The subjects and methods of taxation are legislative matters, and cannot be disturbed so long as the method prescribed is applicable alike to all within the prescribed class. Corporations, individuals, wholesale and retail dealers, domestic and foreign corporations, may be separately classified, and taxed differently, so long as the constituent classes are treated alike. Board, etc., v. Johnson, supra, and cases cited; Pomeroy v. Beach (1898), 149 Ind. 511; Duckwall v. Jones (1901), 146 Ind. 682; Chicago, etc., R. Co. v. Oshkosh (1900), 107 Wis. 192, 83 N. W. 294; State, ex rel., v. McFetridge (1885), 64 Wis. 130, 24 N. W. 140; Pingree v. Mich. Cent. R. Co. (1898), 118 Mich. 314, 76 N. W. 635, 53 L. R. A. 274; Commonwealth v. Interstate, etc., *573St. R. Co. (1905), 187 Mass. 436, 73 N. E. 530, 11 L. R. A. (N. S.) 973; Buffalo, etc., R. Co. v. Buffalo St. R. Co. (1888), 111 N. Y. 132, 19 N. E. 63, 2 L. R. A. 384; Minneapolis, etc., R. Co. v. Minnesota (1902), 186 U. S. 257, 22 Sup. Ct. 900, 46 L. Ed. 1151; Louisville, etc., R. Co. v. Kentucky (1902), 183 U. S. 503, 22 Sup. Ct. 95, 46 L. Ed. 298; Tullis v. Lake Erie, etc., R. Co. (1899), 175 U. S. 348, 20 Sup. Ct. 136, 44 L. Ed. 192; Dow v. Biedelman (1888), 125 U. S. 680, 8 Sup. Ct. 1028, 31 L. Ed. 841; Missouri v. Lewis (1879), 101 U. S. 22, 25 L. Ed. 989; Chicago, etc., R. Co. v. Iowa (1876), 94 U. S. 155, 24 L. Ed. 94; Hayes v. Missouri (1887), 120 U. S. 68, 7 Sup. Ct. 350, 30 L. Ed. 578; Barbier v. Connolly (1885), 113 U. S. 27, 5 Sup. Ct. 357, 28 L. Ed. 923.
11.
We see no ground of constitutional objection to the statute, but its construction is so involved with the constitutional questions urged, that we are constrained to depart from the ordinary rule of declining to pass upon constitutional questions where the case may be disposed of on other grounds, for the judgment must be reversed on other grounds.
12.
In making the assessment the taxing officers added to the nominal surplus of the bank $14,800 invested in real estate, which was clearly erroneous under any theory of the law. In such a case, where the sum invested in real estate is deducted from the capital stock or surplus, before or in making the return, the assessed value of the real estate should not be deducted in fixing the value of the stock, because if it is eliminated from one side of the account it should not be included in the other.

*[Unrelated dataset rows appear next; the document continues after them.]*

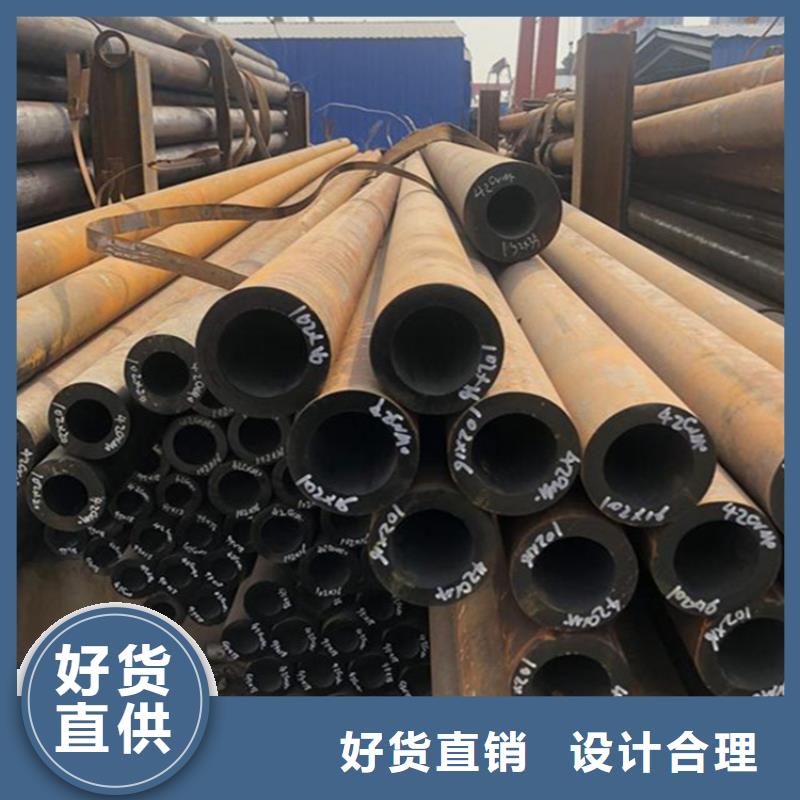 12Cr1MoVG合金管2Cr1MoVG合金管严格把关质量放心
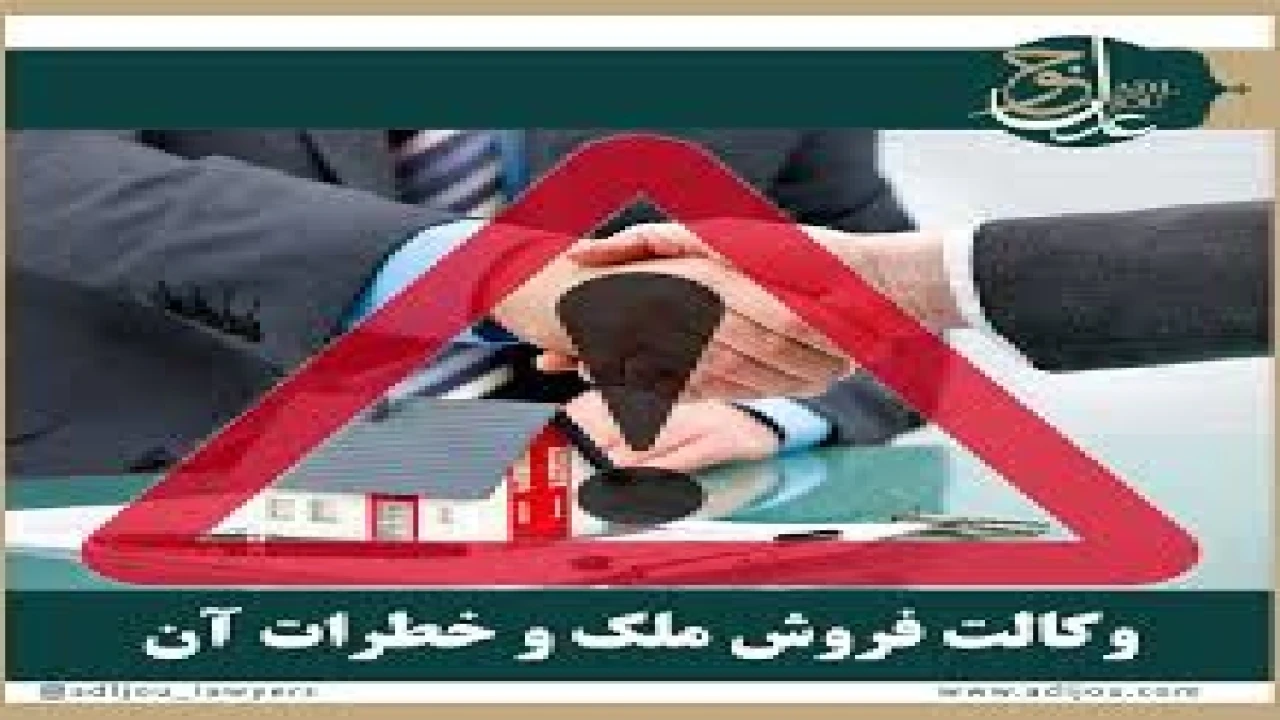 فروش ملک به هر قیمتی توسط وکیل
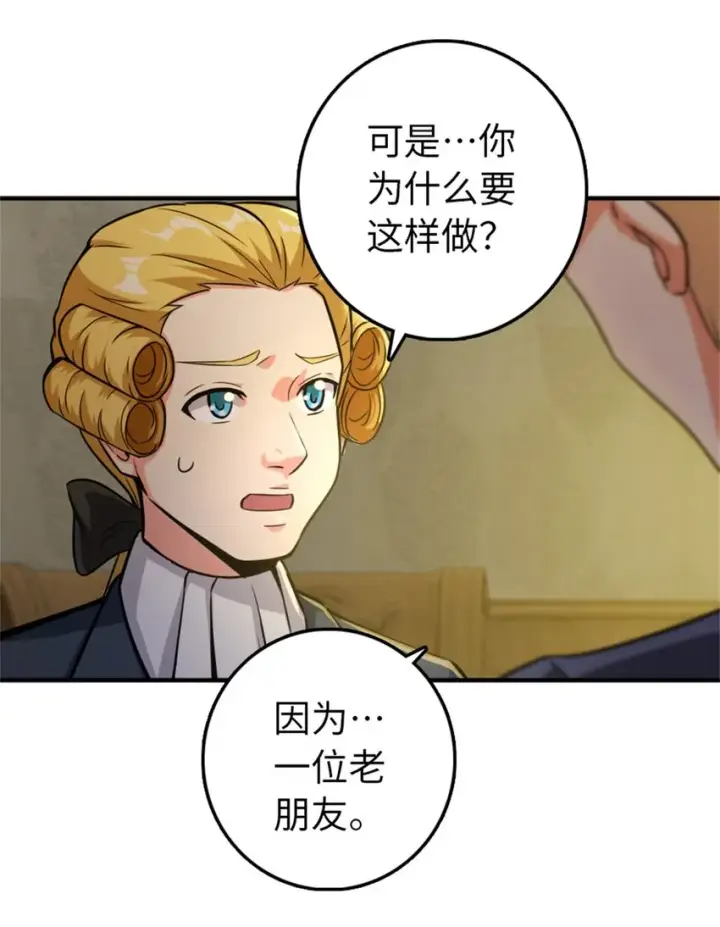 《放开那个女巫》365 神秘展会图34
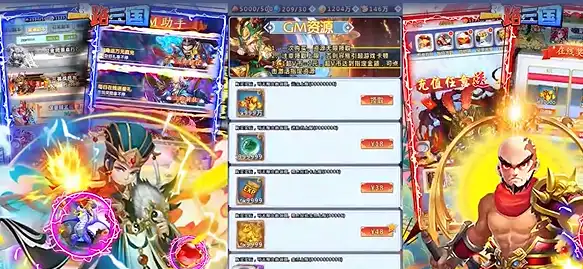 ScreenShot_2025-10-24_142954_205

The language, ‘ ‘ deducted from the valuation of the capital or capital stock,” in the statute, means deducted for the purposes of taxation in fixing the valuation of the stock for taxation. Upon the basis adopted by the board in making the assessment, there should have been taken 80 per cent, leaving for taxation $58,240, instead of $63,010, and for this error the *574judgment must be reversed, with instructions to the court below to overrule the demurrer to the complaint, and for further proceedings not inconsistent with this opinion.